(Excerpts from a dataset)
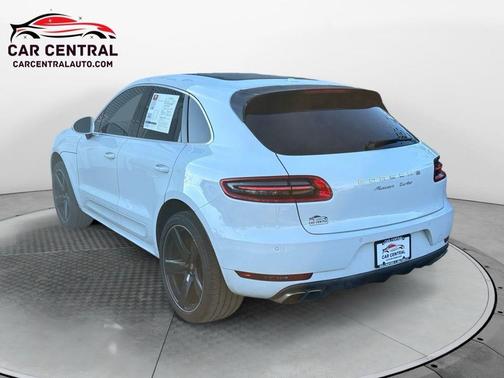 2016 Porsche Macan Turbo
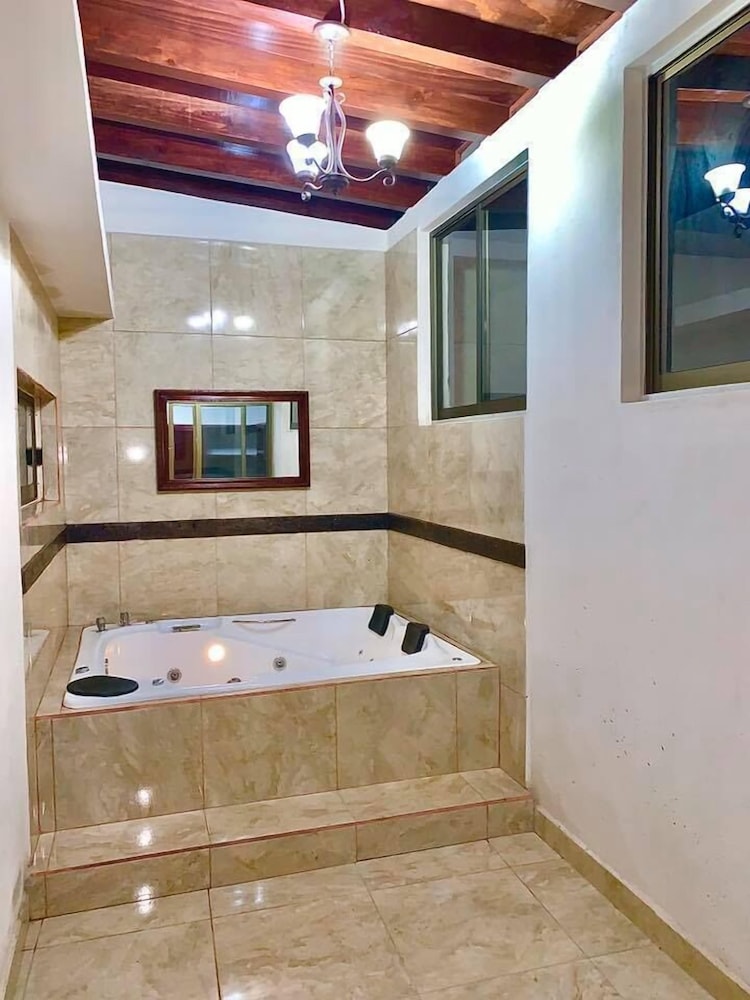 Deluxe Suite, 1 King Bed, Jetted Tub photo 3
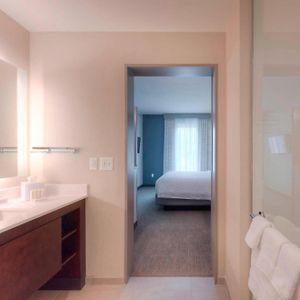 One-Bedroom King Suite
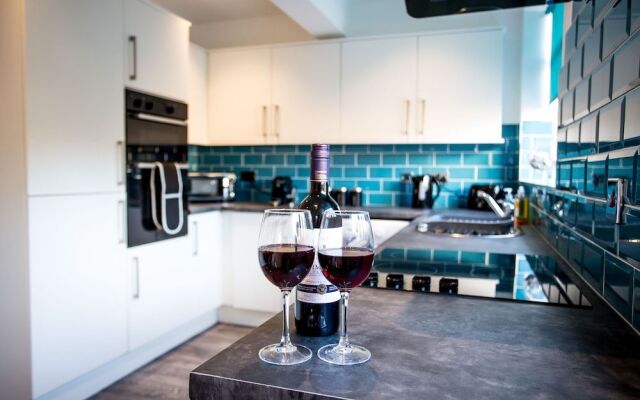 Entire House Tamworth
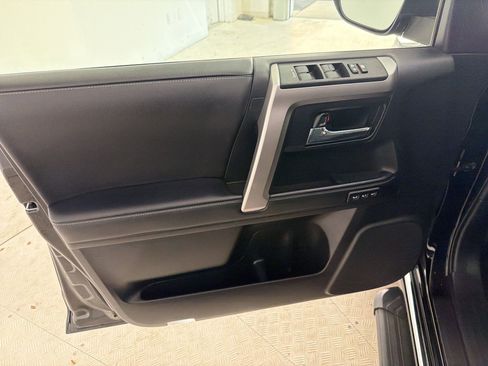 Used 2023 Toyota 4Runner Limited AWD/4WD image 21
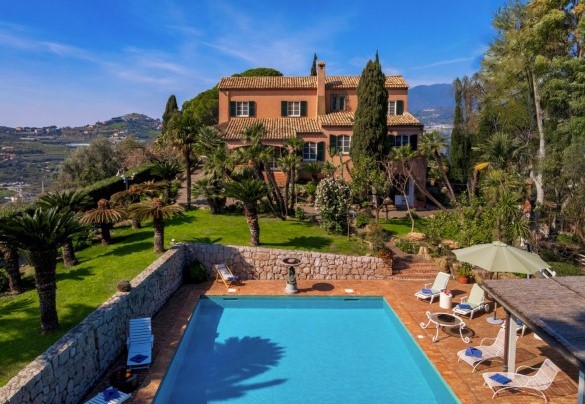 The pool is 20 meters from thevilla entrance - Villa La Cicaliera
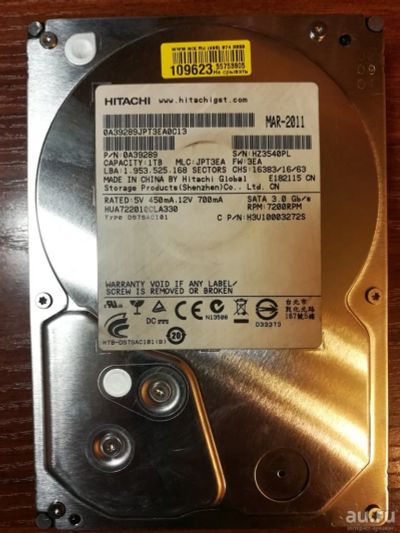 Лот: 13290518. Фото: 1. Жесткий диск Hitachi HUA722010CLA330. Жёсткие диски (HDD)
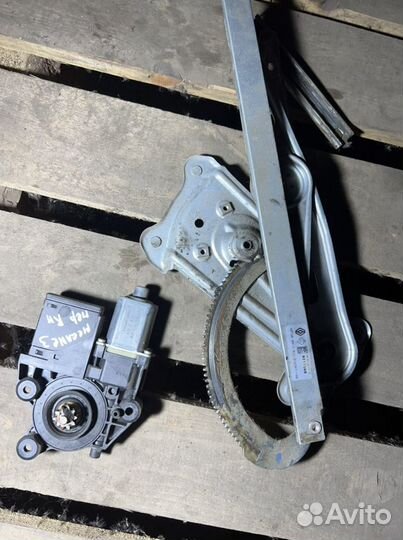 Стеклоподъемник передний Renault Megane 3 меган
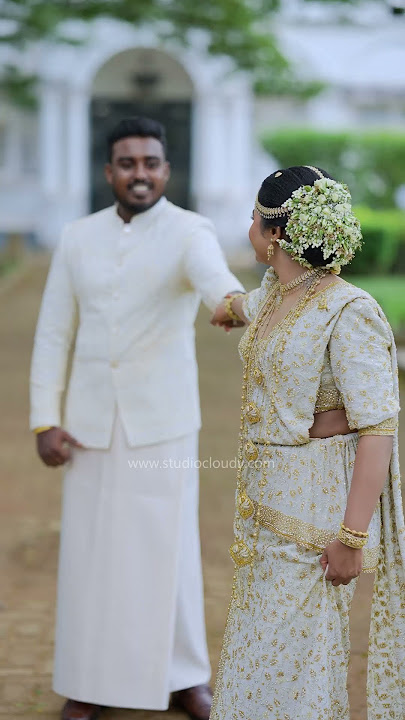 ඉටි රූපෙ අපූරුව විදින්න මම හරි ආසයි...❤️😍 @studiocloudy #wedding #bride #groom #romatic #fypシ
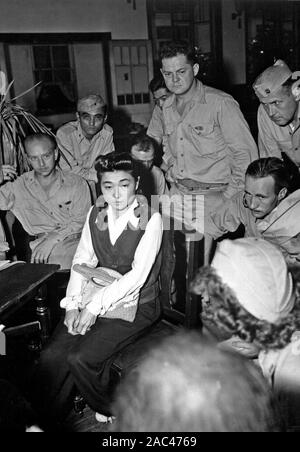 Korrespondenten-interview "Tokyo Rose" Iva Toguri, US-amerikanischer Japanisch.  September 1945.  (Marine) Genaues Datum erschossen unbekannte NARA Datei #: 080-G-490488 Krieg & Konflikt buchen #: 1308 Stockfoto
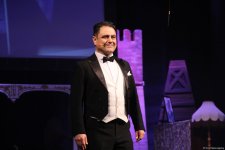 Феерический юбилей Юлия Гусмана в Баку отметили красочным спектаклем "Не бойся, мы с тобой!" (ВИДЕО, ФОТО)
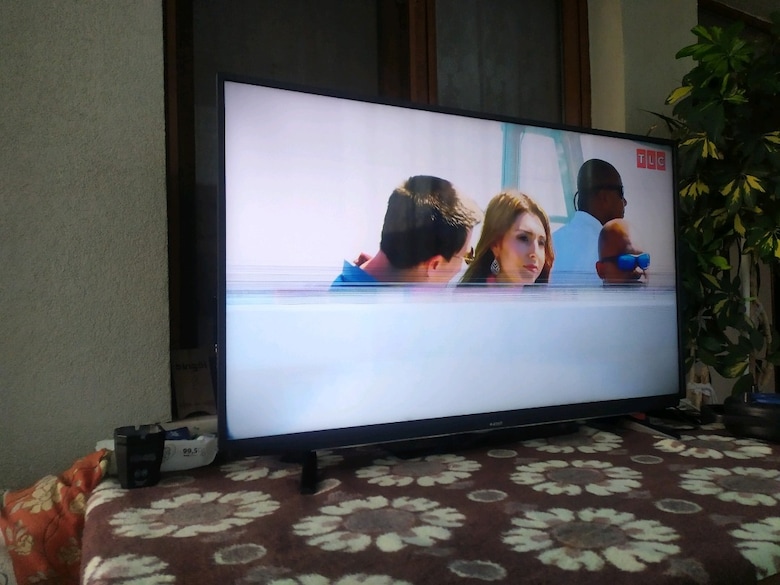 Arçelik 50 inç Smart TV ekranda kırık yok ama göründüğü böyle oluyor - 2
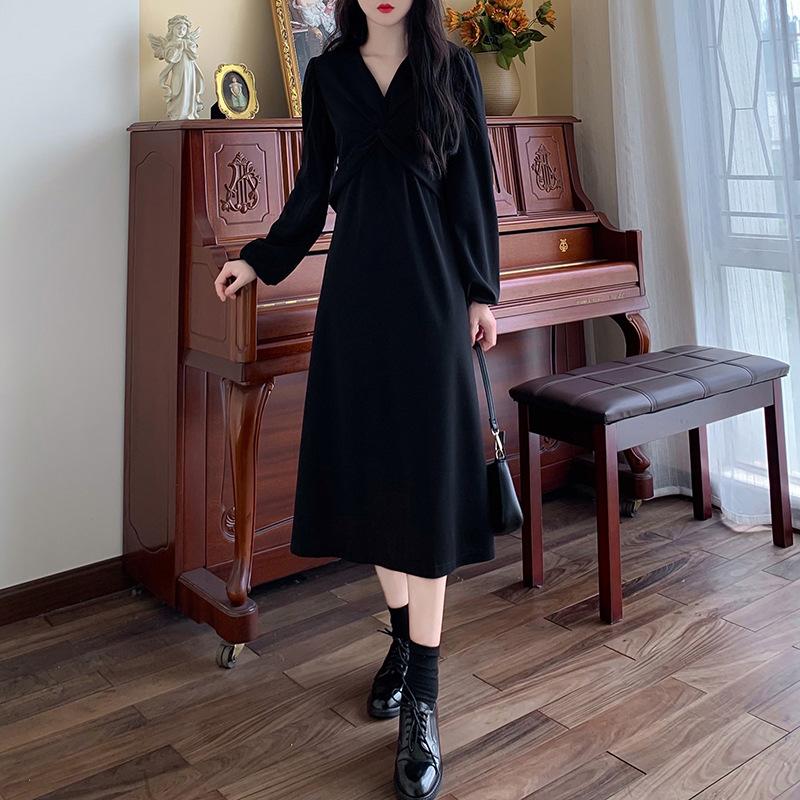 Women's Light Mature Style French V-neck Long Sleeve Dress Design Sense of Kinky Meat Cover Dress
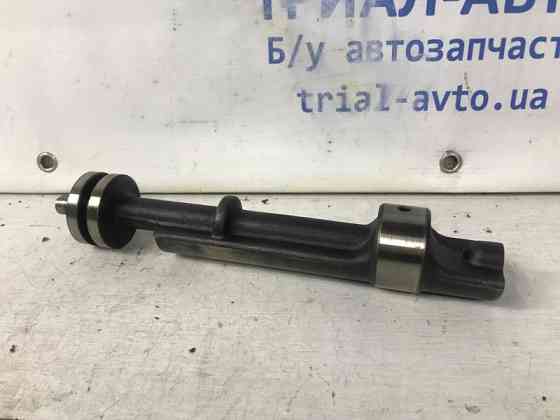 Балансировочный вал Kia Sorento 2002-2011 233114A001 (Арт. 59585) Киев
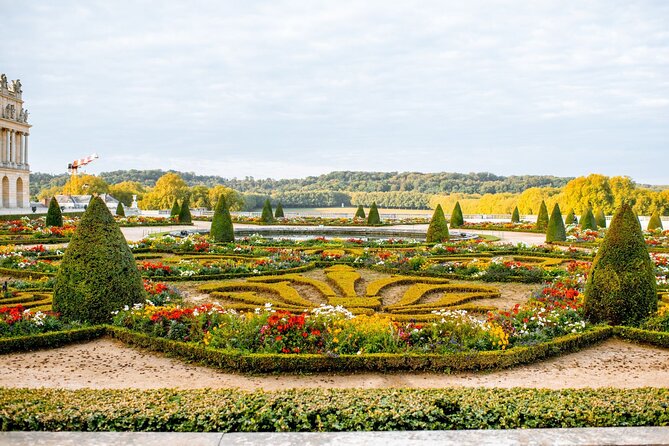 Paris: Versailles Palace with Gardens and Estate Entrance Ticket - Timing your visit around Versailles hours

-- WHAT IS BEING ASKED --
Once the line with "Лот: 13290518. Фото: 1." has been found above, output that line and every later line exactly, stopping after the line with "#: 1308 Stockfoto", and omit the pictures.

-- YOUR RESPONSE --
 Лот: 13290518. Фото: 1. Жесткий диск Hitachi HUA722010CLA330. Жёсткие диски (HDD)
 Стеклоподъемник передний Renault Megane 3 меган
 ඉටි රූපෙ අපූරුව විදින්න මම හරි ආසයි...❤️😍 @studiocloudy #wedding #bride #groom #romatic #fypシ
 Korrespondenten-interview "Tokyo Rose" Iva Toguri, US-amerikanischer Japanisch.  September 1945.  (Marine) Genaues Datum erschossen unbekannte NARA Datei #: 080-G-490488 Krieg & Konflikt buchen #: 1308 Stockfoto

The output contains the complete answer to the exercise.